Andrew Zimmern Isn't A Fan Of The World's 50 Best Restaurants List
Andrew Zimmern has traveled all over the world and eaten everything from burgers to bugs. It's no surprise then, that he's going to have his favorite restaurants — the ones he knows about because he's eaten there, knows the chef, or has gotten a recommendation from a trusted source. He doesn't get them off a "best of" list, especially a list like "The World's 50 Best."

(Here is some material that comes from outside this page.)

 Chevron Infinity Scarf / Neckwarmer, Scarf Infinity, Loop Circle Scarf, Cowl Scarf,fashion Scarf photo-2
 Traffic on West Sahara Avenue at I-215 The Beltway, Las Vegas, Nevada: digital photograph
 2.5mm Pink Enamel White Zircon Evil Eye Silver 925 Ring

This list was created way back in 2002 when a little British magazine called Restaurant assembled 150 experts to come up with a list of the 50 best restaurants in the world. Since their list for 2023 was just released crowning Central in Lima number one, Tasting Table asked Zimmern his opinion of "The World's 50 Best," and it turns out he's not a fan. Not only does the chef have an issue with "The World's 50 Best," he has an issue with most lists of this nature. "I think lists are great when you're on them and they suck when you're not," he tells us while promoting the new Netflix pop-up restaurant, Netflix Bites. "They are designed for exactly what you and I are talking about. Because what are we talking about? Their list."
Lists tend to be subjective
So how does Andrew Zimmern pick his favorite restaurant? How does anyone? Does it have an interesting cocktail menu? Is the staff top-notch? Are its entrées unique? Each person believes their favorite restaurant is the best one on earth because it's totally subjective. While one person might like something high-end and quiet, another might prefer the loud neighborhood hole-in-the-wall. "I do think that there is a little bit of a skewed metric for doing this of all times when it comes to something subjective like food," the chef explains. "What's the best painting hanging in an American museum? I know I'm exaggerating to make a point, right? But that's what lists are all about."

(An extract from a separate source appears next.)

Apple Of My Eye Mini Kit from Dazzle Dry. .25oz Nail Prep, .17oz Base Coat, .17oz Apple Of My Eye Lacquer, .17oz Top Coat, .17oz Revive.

So, is there a list that Zimmern can get behind? He thinks the ones that are more focused are the better choice. "I think the smaller you get, in terms of geographical regions, the easier it is. When Jonathan Gold started the Gold List, with the 100 best restaurants [in Los Angeles], I thought that was brilliant," Zimmern says. "I think that's the secret to a good list: Go to a small region, list a lot. So, that's what I've always tried to do. But big region, United States, and try to pick 50? I mean, good luck," he exclaims.